## WORK TASK
All entries are to be quoted exactly; the images stay out of the copy.

## GIVEN ENTRIES

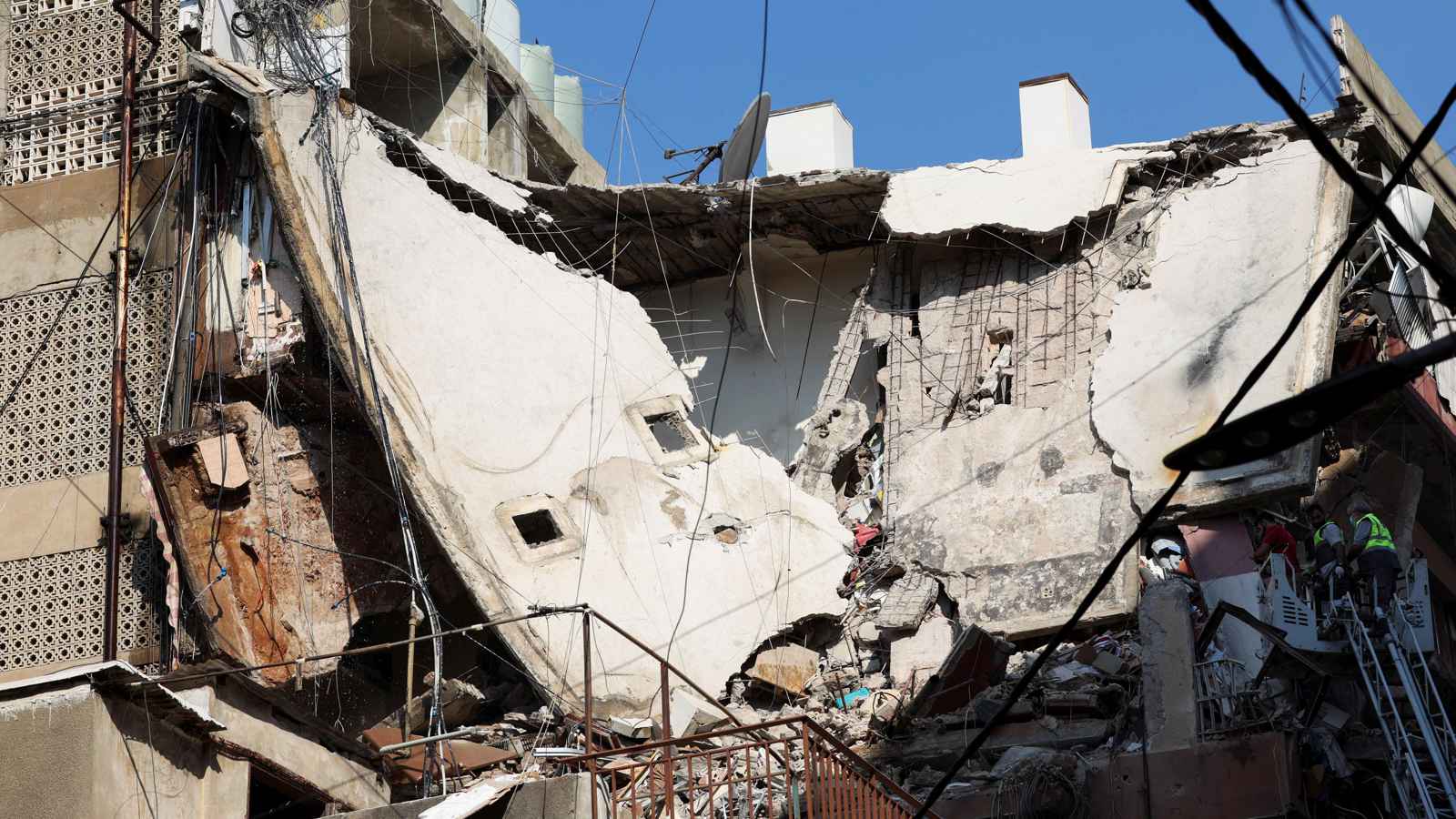 مشاهد مروعة للقصف الإسرائيلي في الضاحية الجنوبية (فيديو)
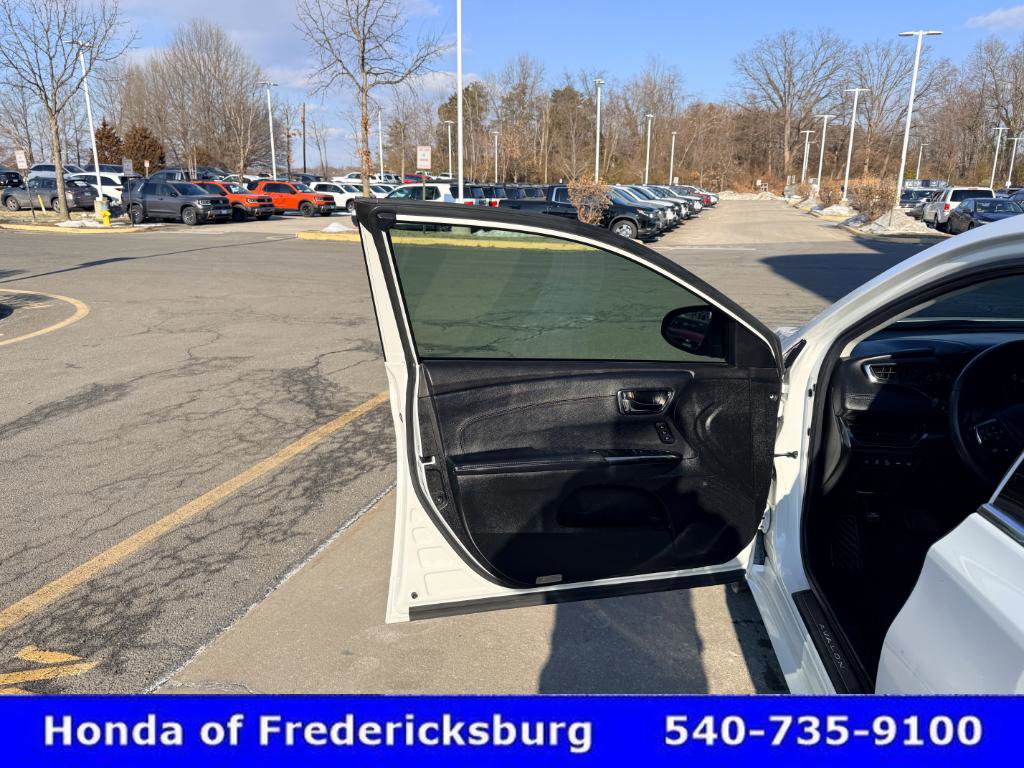 Used 2016 Toyota Avalon Limited w/ Toyota Safety Sense Package image 15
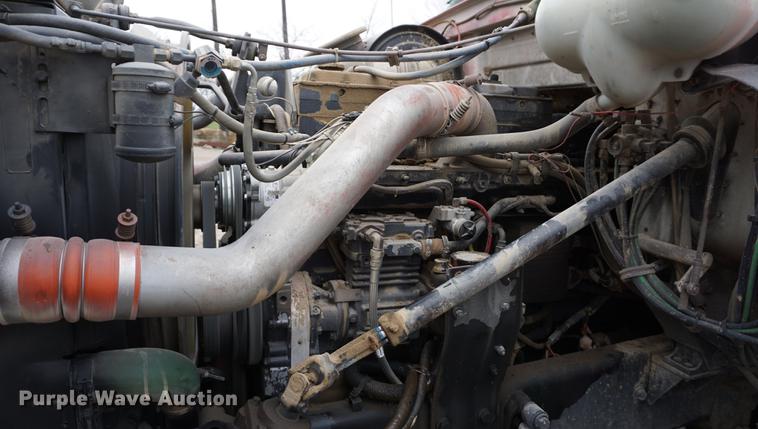 image for item DE3266 1994 Volvo WG dump truck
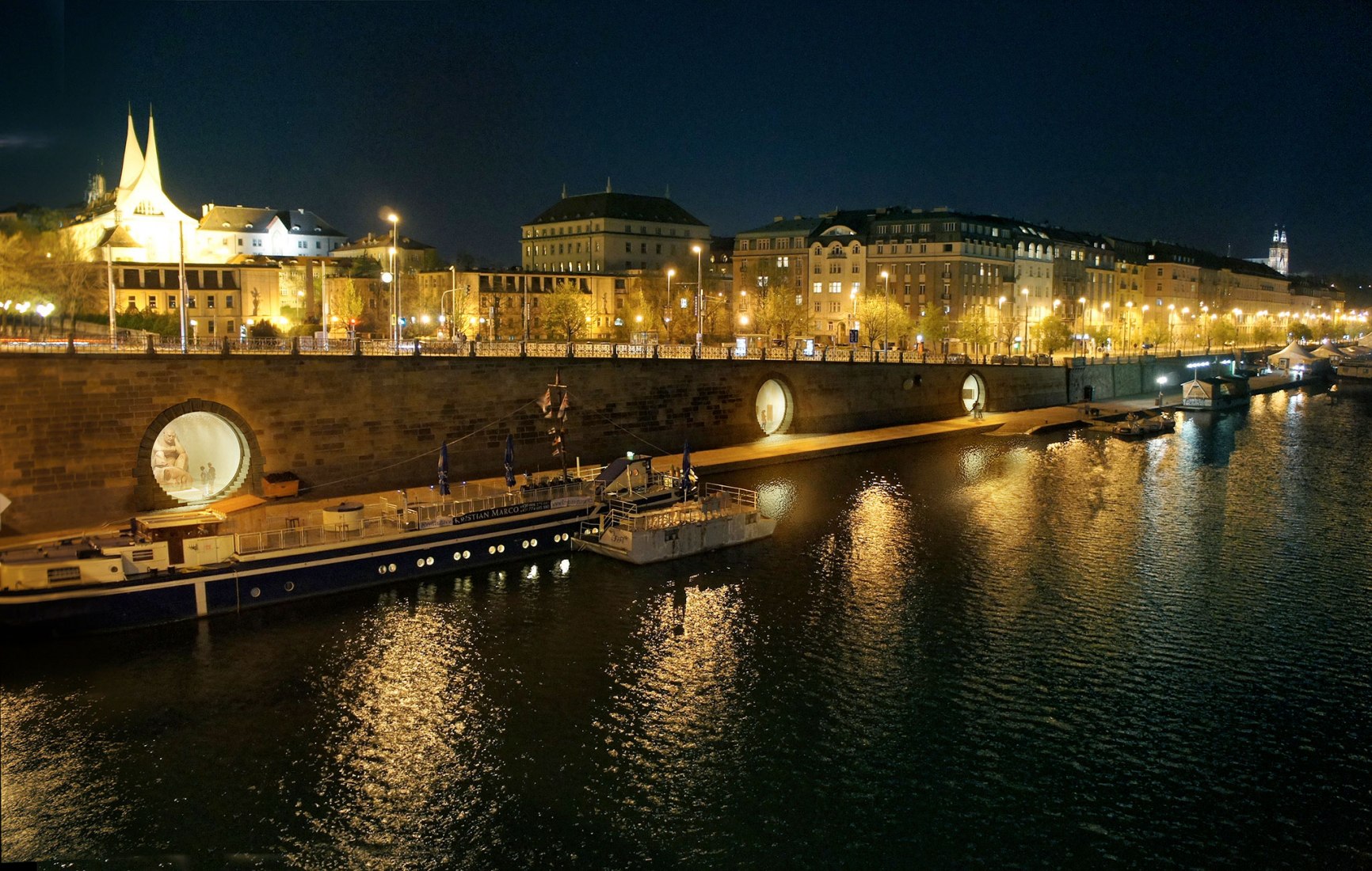 Vista general nocturna, bóvedas. La orilla del río de Praga por petrjanda / brainwork
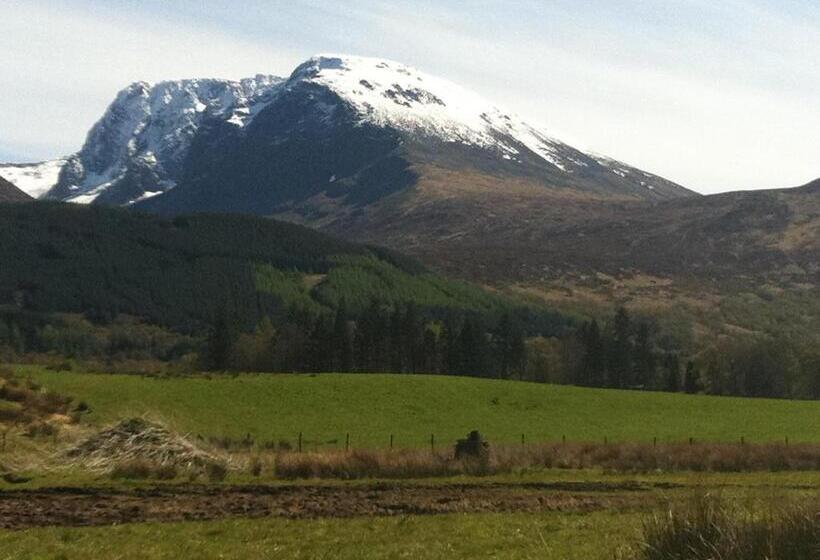 The Factor S Inn & Factor S Cottage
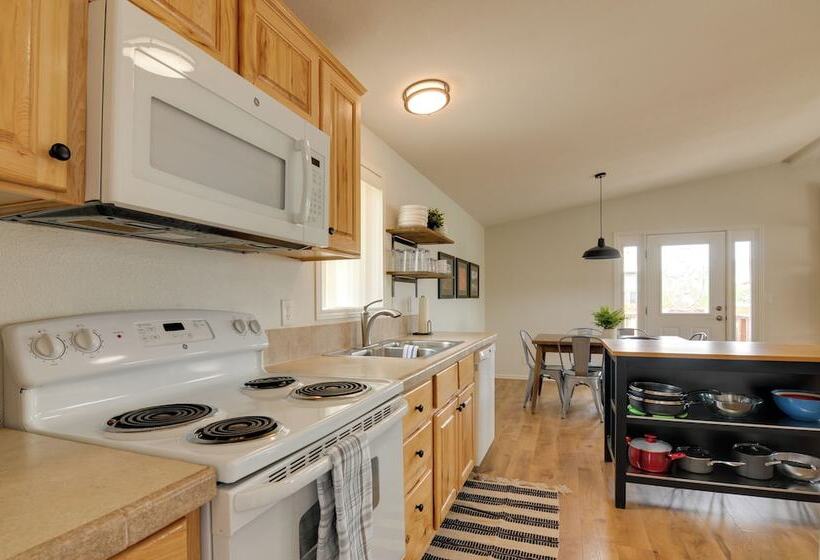 Utah Retreat Hot Tub, Deck & Near National Parks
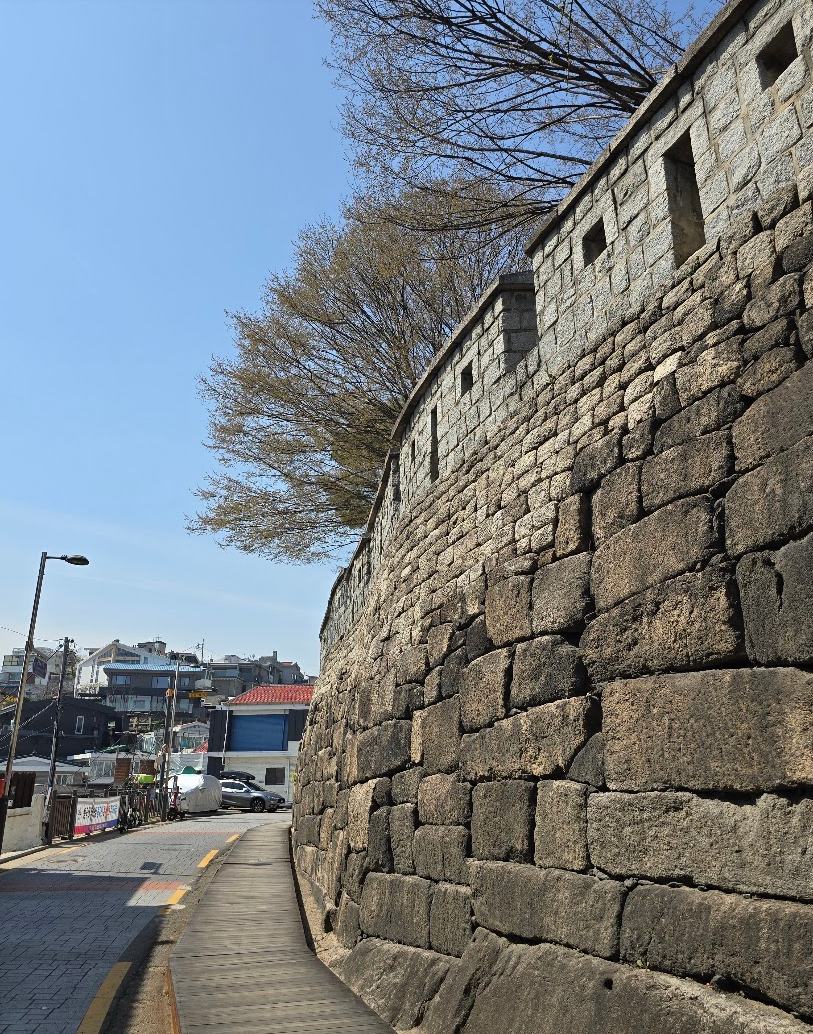 Tembok batu Kota Seoul di samping gang tenang Jangchung-dong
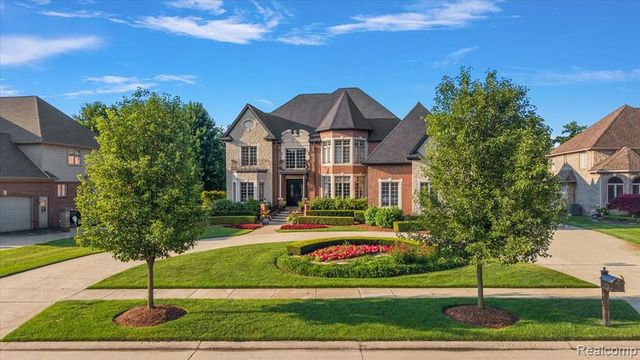 13404 Partridge Run, Utica, MI 48315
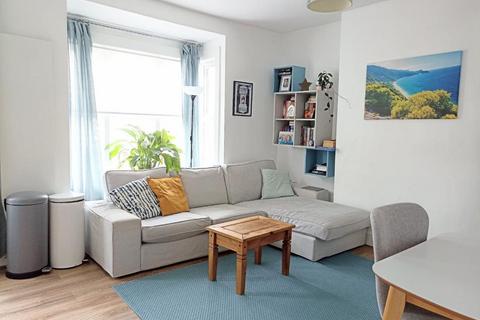 2 bedroom maisonette for sale, First Avenue, Bush Hill Park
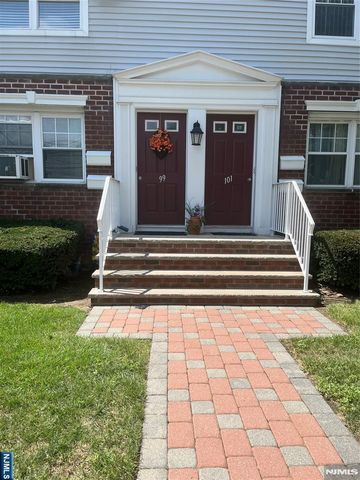 99 Hastings B, Rutherford, NJ 07070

## RESPONSE BELOW
 مشاهد مروعة للقصف الإسرائيلي في الضاحية الجنوبية (فيديو)
 Used 2016 Toyota Avalon Limited w/ Toyota Safety Sense Package image 15
 image for item DE3266 1994 Volvo WG dump truck
 Vista general nocturna, bóvedas. La orilla del río de Praga por petrjanda / brainwork
 The Factor S Inn & Factor S Cottage
 Utah Retreat Hot Tub, Deck & Near National Parks
 Tembok batu Kota Seoul di samping gang tenang Jangchung-dong
 13404 Partridge Run, Utica, MI 48315
 2 bedroom maisonette for sale, First Avenue, Bush Hill Park
 99 Hastings B, Rutherford, NJ 07070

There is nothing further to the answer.